Crude prices fell on Thursday after the International Energy Agency cut its estimate of 2008 global oil demand raising concerns about diminishing world economic growth.
The IEA warning came along with news that the second- largest U.S. company by market value, General Electric Co., reported its quarterly profit fell for the first time since 2003.
Crude oil futures for May delivery fell 0.66 cents or 0.60 percent to $109.45 a barrel on the New York Mercantile Exchange on Friday at 11:39 a.m. Prices rose to a record of $112.21 on Wednesday as inventories dropped more than expected.
The prices of crude are up 77 percent from a year ago.
The IEA cut its 2008 global oil demand forecast for a third straight month by 310,000 barrels to 87.23 million barrels a day, the agency reported on Friday. Last month its estimate was of 87.54 million barrels a day.

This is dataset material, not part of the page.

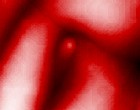 feder tinte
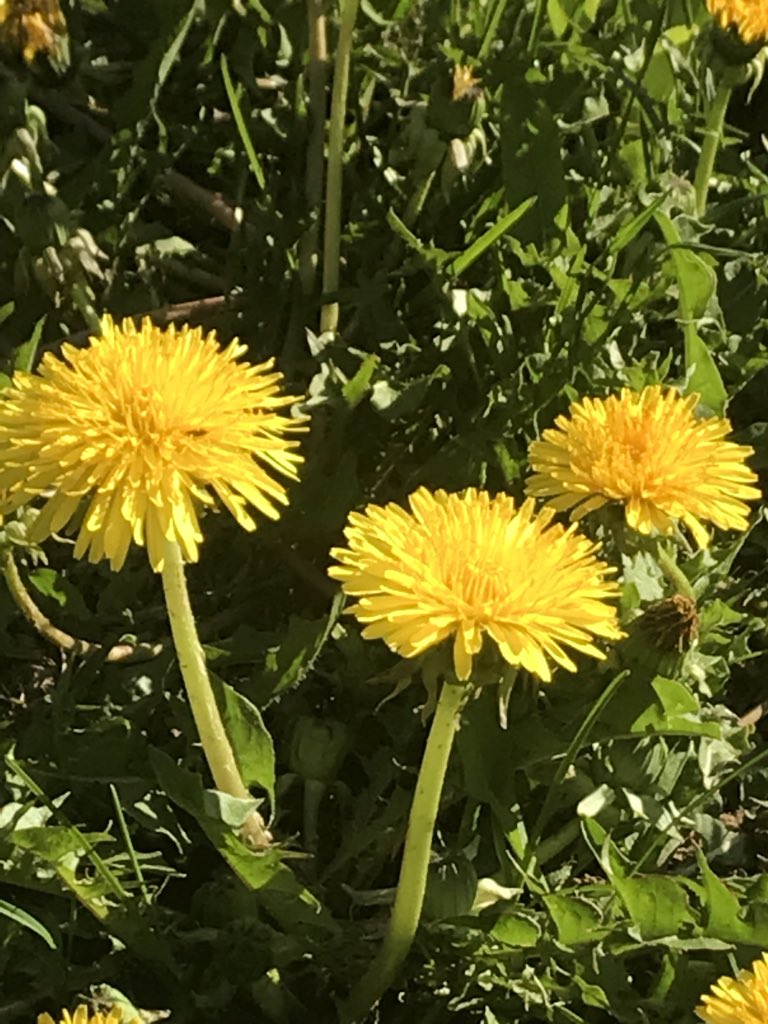 redwolfyoga's tweet photo. Like wildflowers; you must allow yourself to grow in all the places people never thought you would 🙏🏻 #redwolfyoga #contemplation #goforit #dontgiveup #dandelion #wildflowers https://t.co/HfjGQXQMJW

General Electric Co., is commonly seen as an indicator of the U.S. economy reported its profit fell 6 percent to $4.3 billion from $4.57 billion a year ago.
The results brought attention from investors which wonder the impact of the GE news on demand.
However, according to the IEA outlook, demand from Asia may increase and investors observed Chinese crude imports were higher than expected. March crude oil imports into China demand soared to a record of 17.3 million metric tons, Reuters noted.
Brent crude for delivery in three months fell 0.31 cents or 0.29 percent to $107.60 a barrel on the London ICE Futures Exchange on Friday.